0

I'm having trouble searching for the right terms here to solve the below problem; I'm sure it's a done thing, I just can't find the right terms to express the problem!

I'm basically trying to create a classifier that will take word comparison outputs (e.g. some outputs from Levenstein distances) and decide whether the words are sufficiently different. An important input would probably be something like a soundex comparison. The trouble I'm having is creating the training set for the algorithm (an SVM in this case). I have a long list of names and I need to mutate them a bit (based on similar sounds within the word).

E.g. John and Jon would be a mutation to make, and I could label this in the test set as being equivalent. John and Johann have sufficiently different sound and letter distance to be considered different.

So I'm kinda asking for is a way to achieve a phoneme variation generator, but need to be able to retain the English lettering structure.

Even simple translation might suffice, like "f" could (sometimes) be replaced by "ph". I'm doing this in Java so any tips in that direction would be great too!
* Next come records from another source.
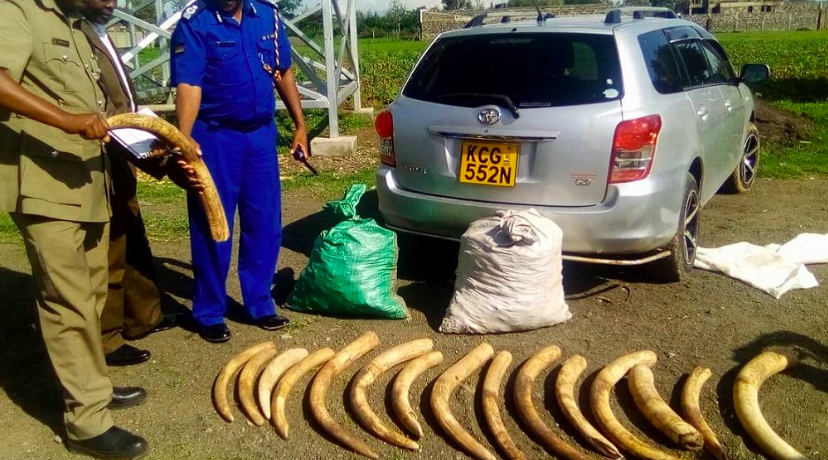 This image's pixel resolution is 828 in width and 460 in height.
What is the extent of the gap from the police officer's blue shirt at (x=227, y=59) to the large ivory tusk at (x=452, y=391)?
1.71 m

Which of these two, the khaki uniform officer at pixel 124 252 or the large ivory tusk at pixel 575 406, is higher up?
the khaki uniform officer at pixel 124 252

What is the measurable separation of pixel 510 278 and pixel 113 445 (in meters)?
2.18

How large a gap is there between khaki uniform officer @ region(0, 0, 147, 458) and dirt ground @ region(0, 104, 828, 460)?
309 mm

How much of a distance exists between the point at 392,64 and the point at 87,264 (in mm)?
14070

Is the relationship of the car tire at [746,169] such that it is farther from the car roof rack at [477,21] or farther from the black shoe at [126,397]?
the black shoe at [126,397]

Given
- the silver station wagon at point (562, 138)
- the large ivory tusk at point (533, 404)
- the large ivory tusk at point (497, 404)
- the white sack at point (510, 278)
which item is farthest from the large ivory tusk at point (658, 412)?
the silver station wagon at point (562, 138)

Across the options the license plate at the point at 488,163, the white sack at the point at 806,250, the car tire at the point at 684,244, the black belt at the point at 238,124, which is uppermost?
the black belt at the point at 238,124

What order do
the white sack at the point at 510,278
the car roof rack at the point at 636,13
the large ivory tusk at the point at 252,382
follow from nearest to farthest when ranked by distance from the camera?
the large ivory tusk at the point at 252,382
the white sack at the point at 510,278
the car roof rack at the point at 636,13

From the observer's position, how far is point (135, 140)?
134 inches

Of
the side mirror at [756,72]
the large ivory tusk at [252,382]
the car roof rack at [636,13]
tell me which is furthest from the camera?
the side mirror at [756,72]

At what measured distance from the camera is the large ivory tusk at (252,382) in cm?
367

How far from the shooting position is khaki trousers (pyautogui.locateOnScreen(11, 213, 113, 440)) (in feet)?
10.4

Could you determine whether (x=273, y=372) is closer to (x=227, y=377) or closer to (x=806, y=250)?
(x=227, y=377)

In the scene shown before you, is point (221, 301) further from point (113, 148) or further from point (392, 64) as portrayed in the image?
point (392, 64) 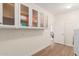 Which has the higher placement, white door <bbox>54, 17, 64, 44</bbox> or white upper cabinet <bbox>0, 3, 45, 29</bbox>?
white upper cabinet <bbox>0, 3, 45, 29</bbox>

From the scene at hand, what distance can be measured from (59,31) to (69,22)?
0.36m

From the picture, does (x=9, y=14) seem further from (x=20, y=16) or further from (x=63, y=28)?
(x=63, y=28)

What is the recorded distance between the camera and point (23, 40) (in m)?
2.30

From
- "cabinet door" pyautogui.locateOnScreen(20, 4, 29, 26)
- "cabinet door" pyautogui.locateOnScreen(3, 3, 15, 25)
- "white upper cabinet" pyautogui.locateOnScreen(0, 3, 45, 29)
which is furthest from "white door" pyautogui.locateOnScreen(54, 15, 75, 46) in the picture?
"cabinet door" pyautogui.locateOnScreen(3, 3, 15, 25)

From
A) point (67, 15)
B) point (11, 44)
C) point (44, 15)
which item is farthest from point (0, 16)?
point (67, 15)

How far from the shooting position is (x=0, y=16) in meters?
1.67

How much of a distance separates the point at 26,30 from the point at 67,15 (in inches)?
45.4

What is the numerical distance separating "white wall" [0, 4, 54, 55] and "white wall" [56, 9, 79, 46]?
1.17 ft

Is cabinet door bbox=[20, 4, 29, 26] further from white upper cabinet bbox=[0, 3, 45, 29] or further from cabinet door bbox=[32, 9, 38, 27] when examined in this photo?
cabinet door bbox=[32, 9, 38, 27]

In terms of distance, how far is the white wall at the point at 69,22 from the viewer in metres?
2.38

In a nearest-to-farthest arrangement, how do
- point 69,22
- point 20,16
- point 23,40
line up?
point 20,16 < point 23,40 < point 69,22

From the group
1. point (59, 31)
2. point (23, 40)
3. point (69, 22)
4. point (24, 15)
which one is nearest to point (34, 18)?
point (24, 15)

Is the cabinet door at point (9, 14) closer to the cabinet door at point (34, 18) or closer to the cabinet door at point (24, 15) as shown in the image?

Thanks.

EDIT

This is the closest I've come across so far: http://www.isi.edu/natural-language/people/hovy/papers/07IJCAI-spelling-variants.pdf

Manish Patel
  • 4,411
  • 4
  • 25
  • 48
  • have you attempted just a simple use of edit distance? note that ed(john,jon)=1 whereas ed(john,johann)=2 – Debasis Aug 13 '14 at 15:32
  • thanks @Debasis, sorry what do you mean exactly? I'm trying to generate variations rather than find out the edit distance – Manish Patel Aug 13 '14 at 15:46
  • sorry i misunderstood your question... i thought u were intending to compute phonetic distances... that's why i suggested to use edit distances as "crude" approximations to real phonetic distances... – Debasis Aug 13 '14 at 18:38

1 Answers1

1

I'm just thinking aloud.

Rule-based: Apply a rule-based system where you could use standard substitution rules such as 'ph' for 'f', and insertion rules such as insert an h between a vowel and a consonant.

Character n-gram alignment: Use a word alignment tool such as Giza++ to align character n-grams from parallel corpora such as Europarl. I guess you would be able to find interesting word spelling variations such as "house", "haus" etc. You can play with various values of n.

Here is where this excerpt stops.